Amasyalı Saliha Yeter, Gürses Aslı Akyol, Aydın Osman Nuri, Akyol Ali
Department of Physical Medicine and Rehabilitation, Division of Algology, Turkey.
Department of Neurology, Meram Medical Faculty, Necmettin Erbakan University, Konya, Turkey.
Clin Psychopharmacol Neurosci. 2019 Feb 28;17(1):139-142. doi: 10.9758/cpn.2019.17.1.139.
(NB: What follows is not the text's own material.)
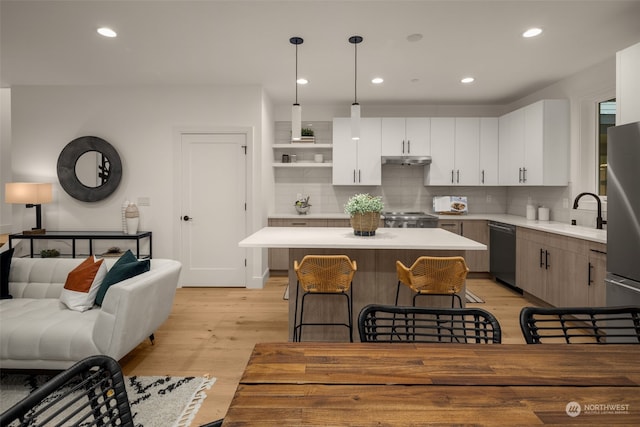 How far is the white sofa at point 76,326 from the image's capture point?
2402 millimetres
Treatment of burning mouth syndrome (BMS) is challenging because there is no consensus regarding pharmalogical or nonpharmalogical therapies. The use of anticonvulsants is controversial. We present nine patients BMS who respond to pregabalin. They were diagnosed secondary BMS except two. Etiologic regulations were made firstly in patients with secondary BMS but symptoms did not decrease. We preferred pregabalin in all patients and got good results. Furthermore the addition of pregabalin to the treatment of two patients who did not respond adequately to duloxetine provided good results. We are only aware that pregabalin may reduce symptoms as a result of case reports. We believe that the diagnosis of pathologic etiology with appropriate diagnostic tests will result in better outcomes in treatment.
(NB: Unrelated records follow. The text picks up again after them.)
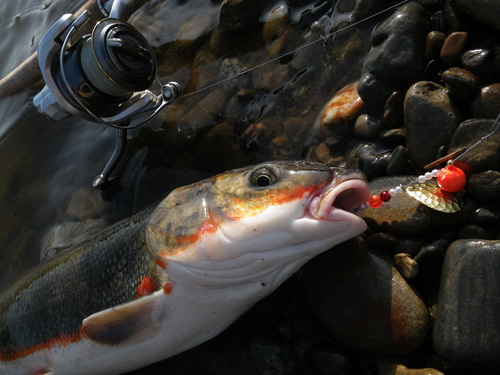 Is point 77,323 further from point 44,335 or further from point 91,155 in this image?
point 91,155

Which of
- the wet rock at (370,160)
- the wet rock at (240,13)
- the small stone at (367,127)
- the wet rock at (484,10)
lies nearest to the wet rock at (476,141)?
the wet rock at (370,160)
灼口综合征(BMS)的治疗颇具挑战性,因为在药物治疗或非药物治疗方面尚未达成共识。抗惊厥药的使用存在争议。我们报告了9例对普瑞巴林有反应的灼口综合征患者。除2例患者外,其余均诊断为继发性灼口综合征。对于继发性灼口综合征患者,首先进行了病因调整,但症状并未减轻。我们在所有患者中均选用了普瑞巴林,取得了良好效果。此外,对于另外2例对度洛西汀反应欠佳的患者,在治疗中加用普瑞巴林也取得了良好效果。我们仅通过病例报告了解到普瑞巴林可能减轻症状。我们认为,通过适当的诊断测试明确病理病因将使治疗取得更好的效果。